Let $T$ be an injective operator system and $U$ be an arbitrary operator system. Let $\varphi: T \to U$ be a unital completely positive map and $\psi: U \to T$ be a unital completely positive map with $\psi \varphi = \iota_T$. Is it true that $\varphi$ is a complete isometry?
Attempt: I think yes. Here is an argument:
It is clear that $\varphi: T \to \varphi(T)\subseteq U$ is a unital complete order isomorphism, as its inverse $\psi: \varphi(T) \to T$ is also a completely positive map. However, it then follows that $\varphi(T)$ is an injective operator system. By a result of Choi and Effros, we can equip $T$ and $\varphi(T)$ with multiplications such that these operator systems become $C^*$-algebras such that the identity maps become unital completely isometric maps. But then the map $\varphi: T \to \varphi(T)$ becomes a $*$-isomorphism (because a unital complete order isomorphism between $C^*$-algebras automatically preserves the $C^*$-algebra structures, this is a result by Choi). In particular, $\varphi$ is completely isometric.
Is the above argument correct? And can we prove it using more "elementary" results?

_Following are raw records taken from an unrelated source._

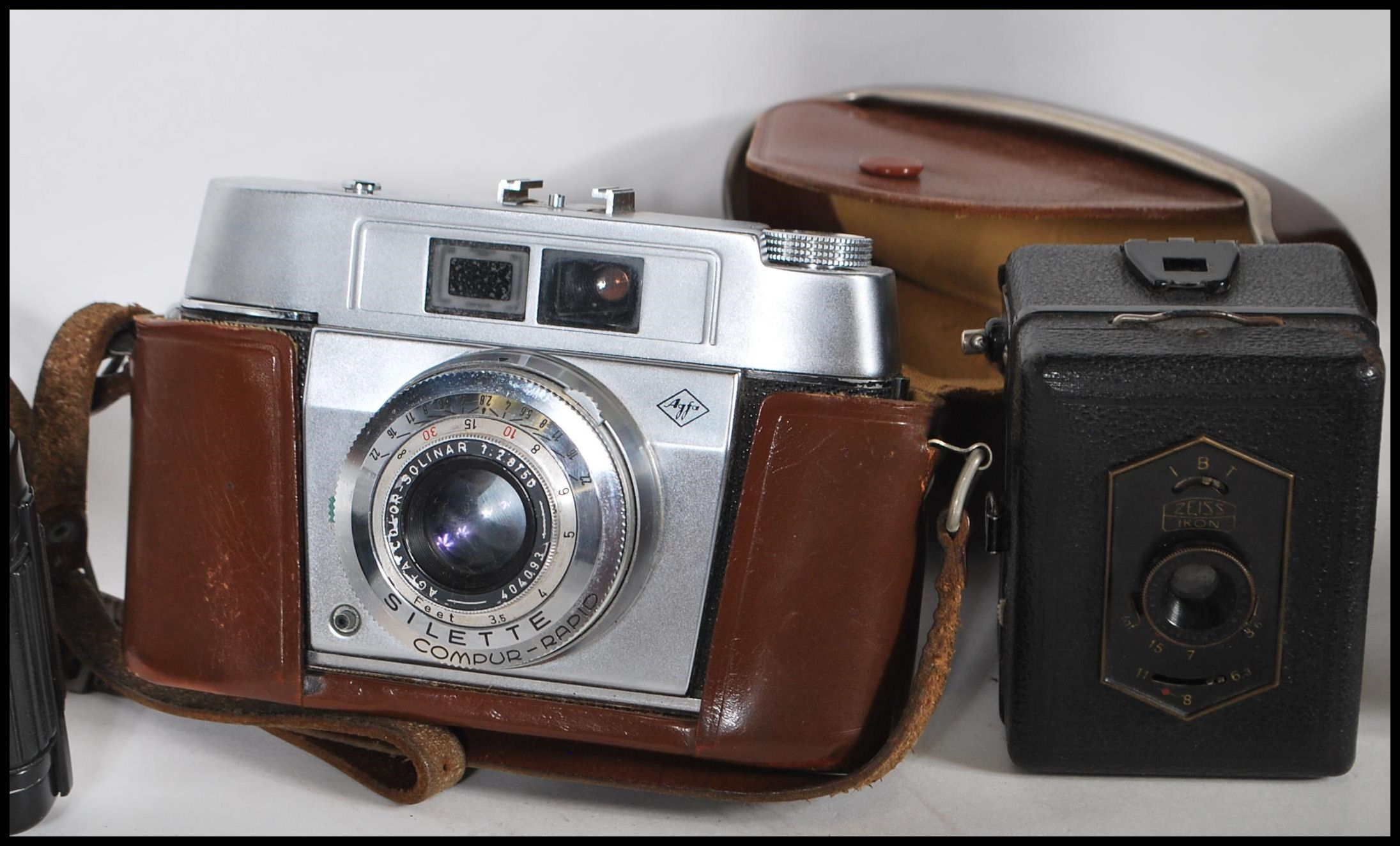 A collection of vintage film cameras to include a Praktica B100 film camera, an Olympus Quick - Image 5 of 8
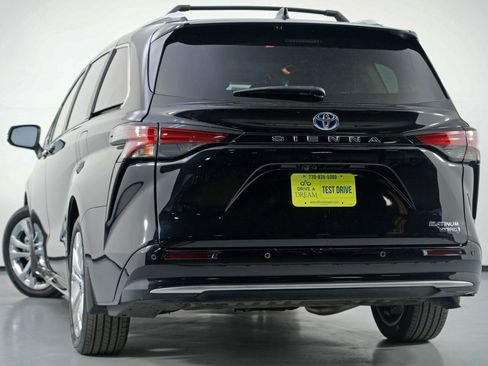 Used 2024 Toyota Sienna Platinum image 6
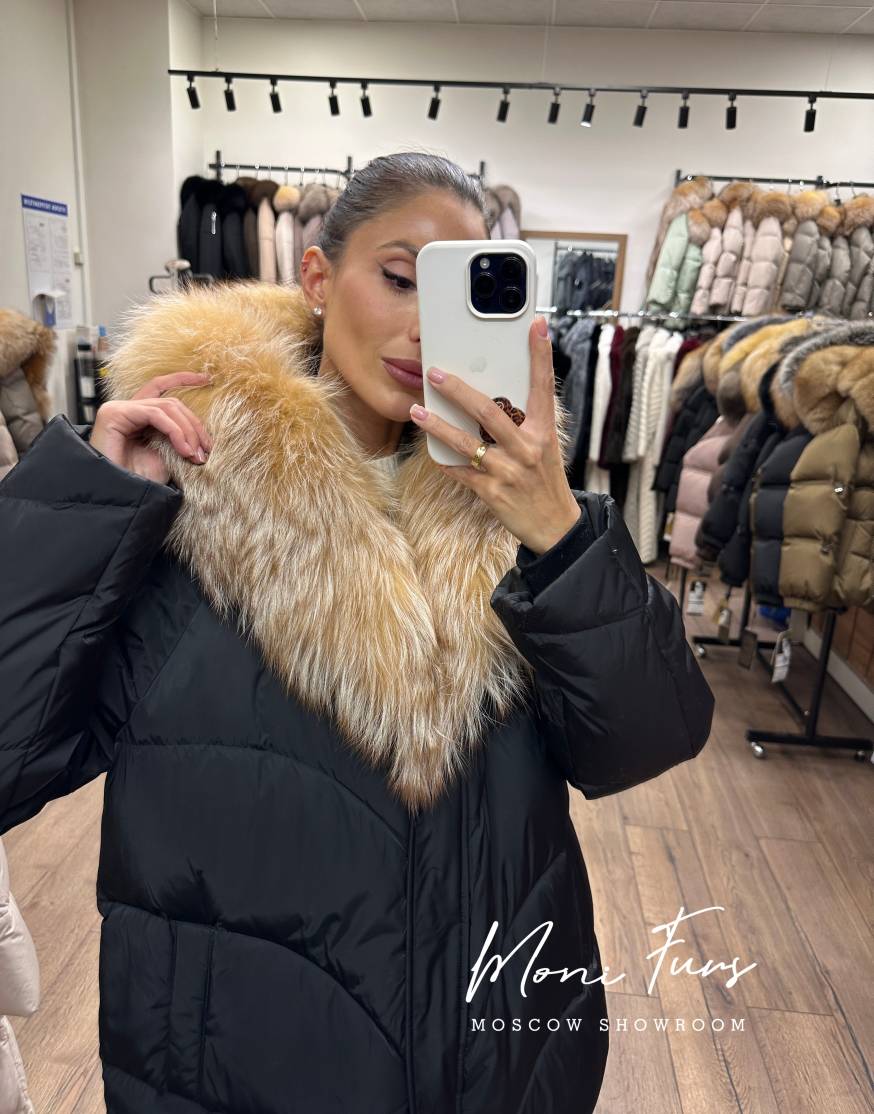 Женский чёрный пуховик с мехом лисы и капюшоном 70 см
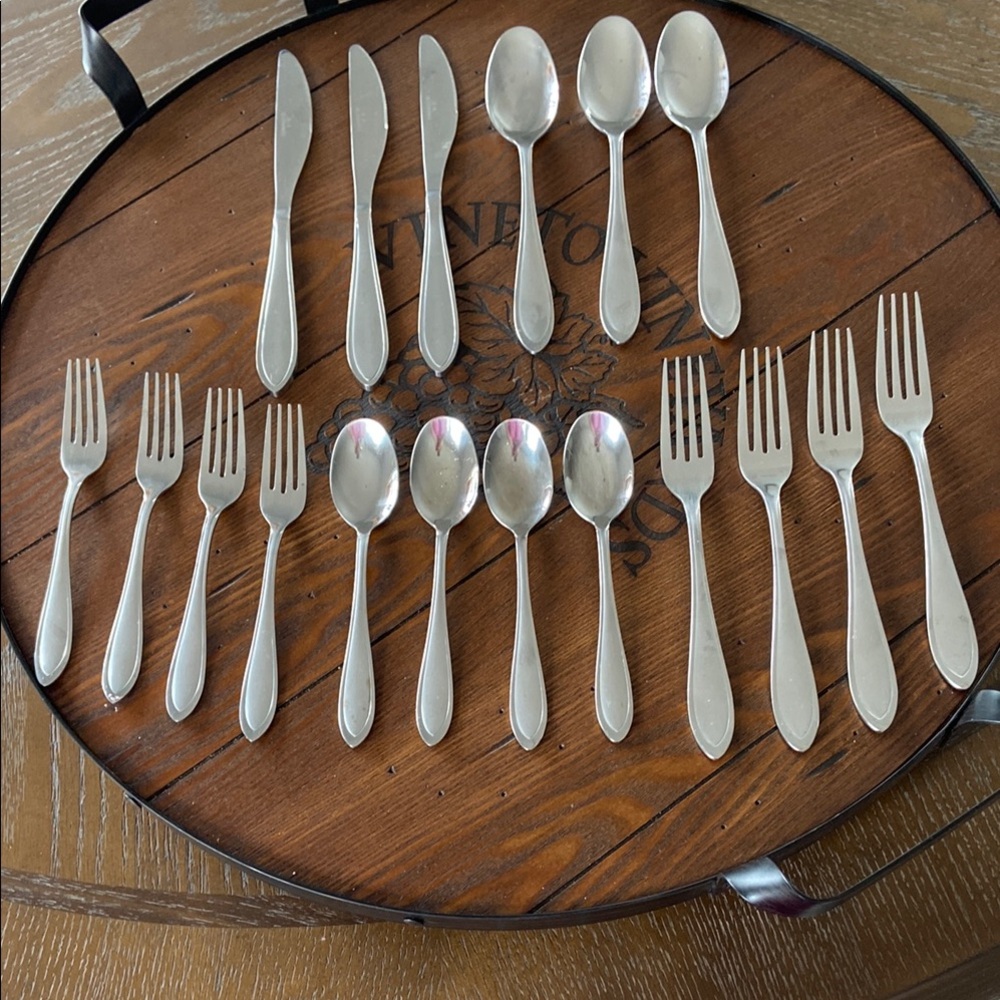 Cambridge Bayleaf Sand Flatware Set,
 Silver Cutlery Set 18 piece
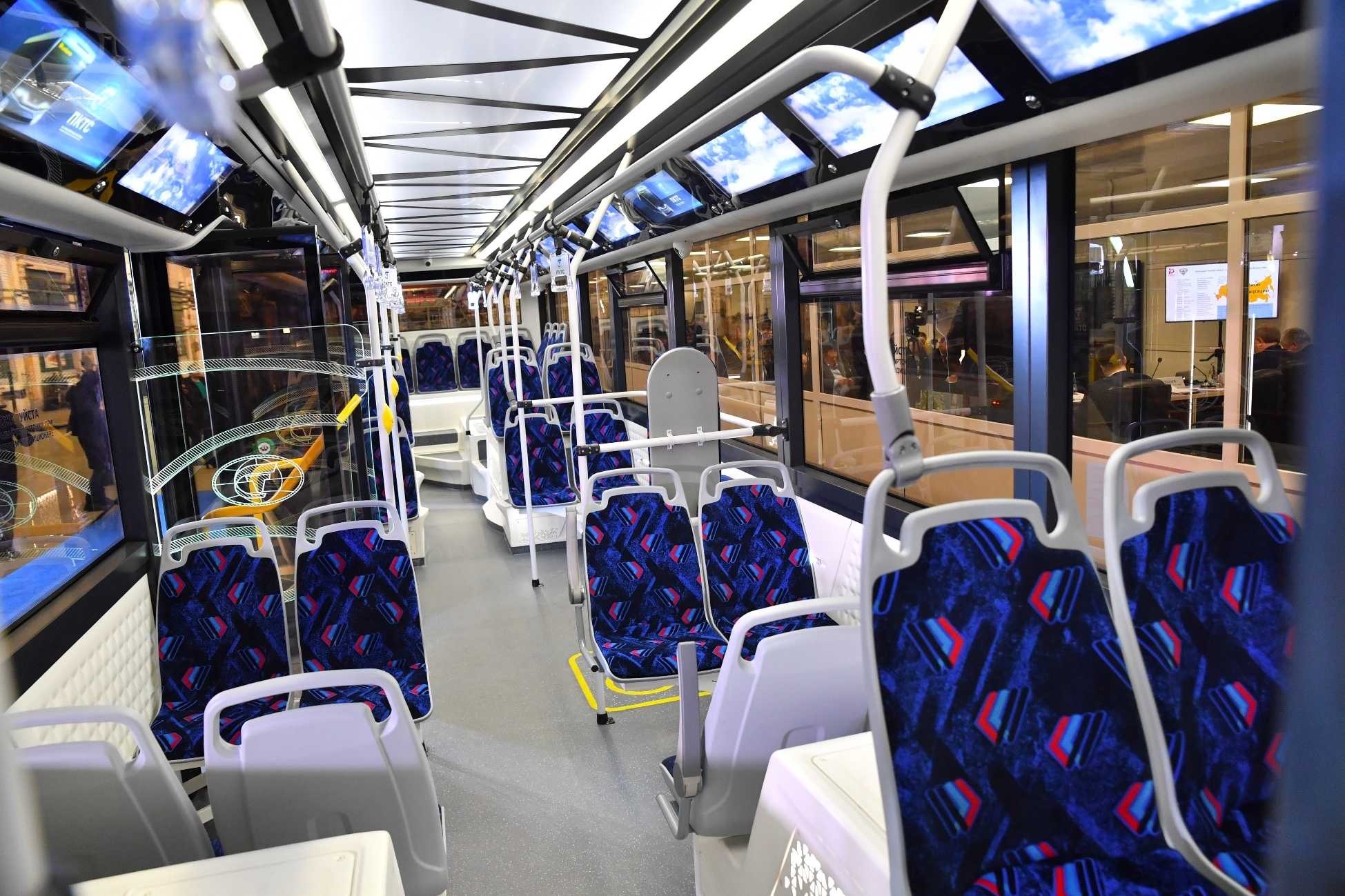 Троллейбус «адмирал» и электробус «генерал» – близнецы со штангами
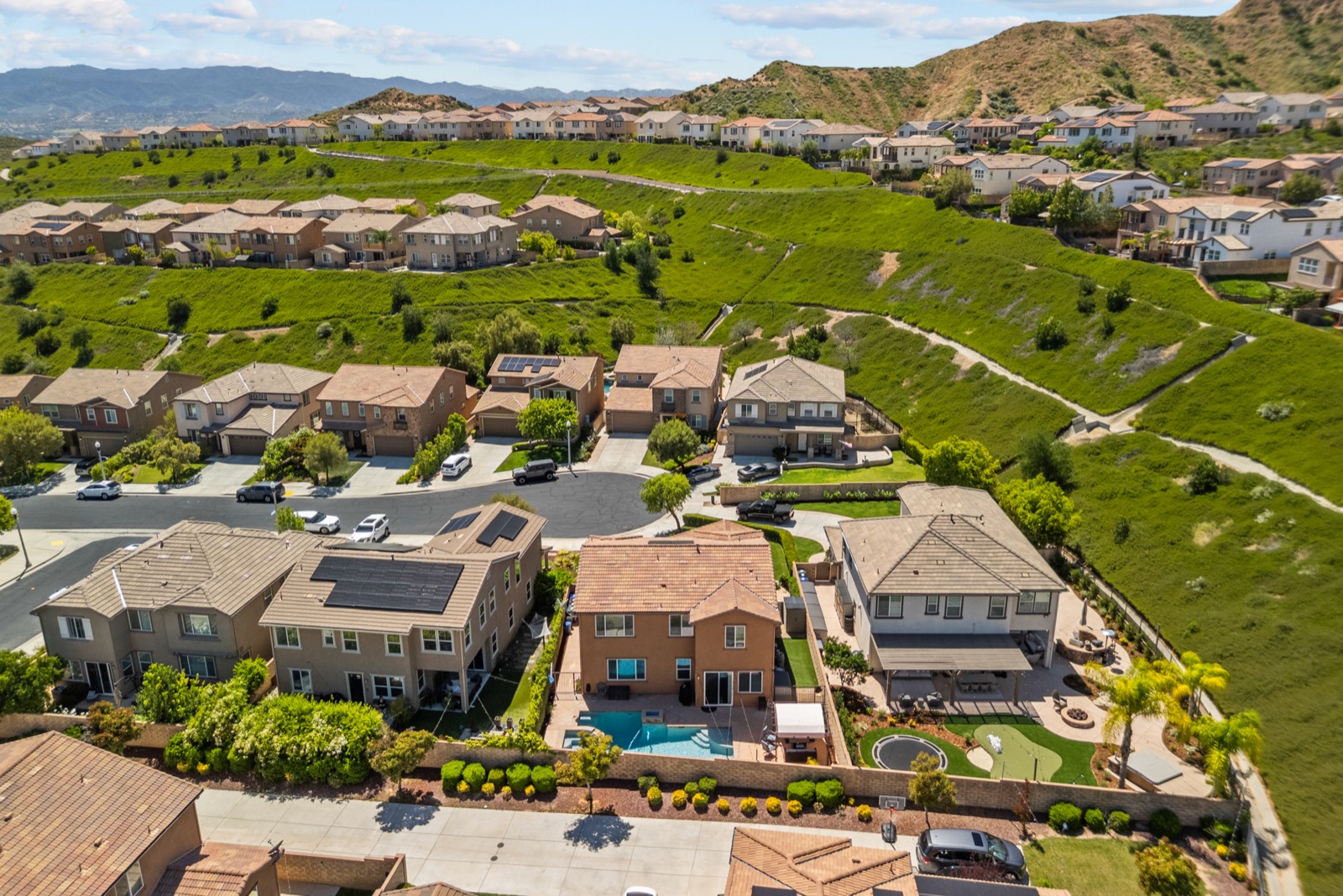 24557 Rosette Lane, Valencia, photo 3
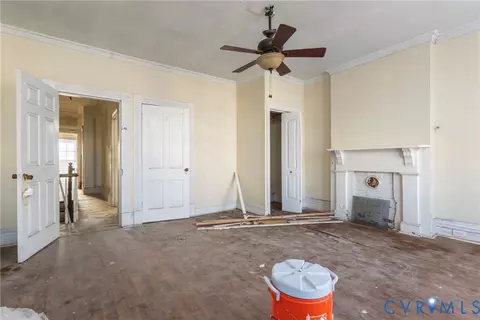 Living - 3105 E Broad St, Richmond, VA 23223 photo 7 of 7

Context of the question: I try to understand the fact that an injective rigid extension is automatically also an essential extension (see for instance Paulsen's book, theorem 15.8). I tracked down the original proof in the paper "Injective envelopes of operator systems" by Hamana, lemma 3.7, where they end the proof by asserting that a certain composition is the identity map, which motivates my question above. In other papers by Hamana, one can encounter similar statements.
Best Answer
Injectivity of $T$ plays no role. The point is that unital completely positive maps are contractive, so if a strict inequality $\|\phi(a)\|< \|a\|$ holds for some $a\in T$, then $\|a\|=\|\psi(\phi(a))\|\leqslant \|\phi(a)\| < \|a\|$, which is a contradiction. This shows that $\phi$ is an isometry and the same argument applied to matrix amplifications proves that it is in fact a complete isometry.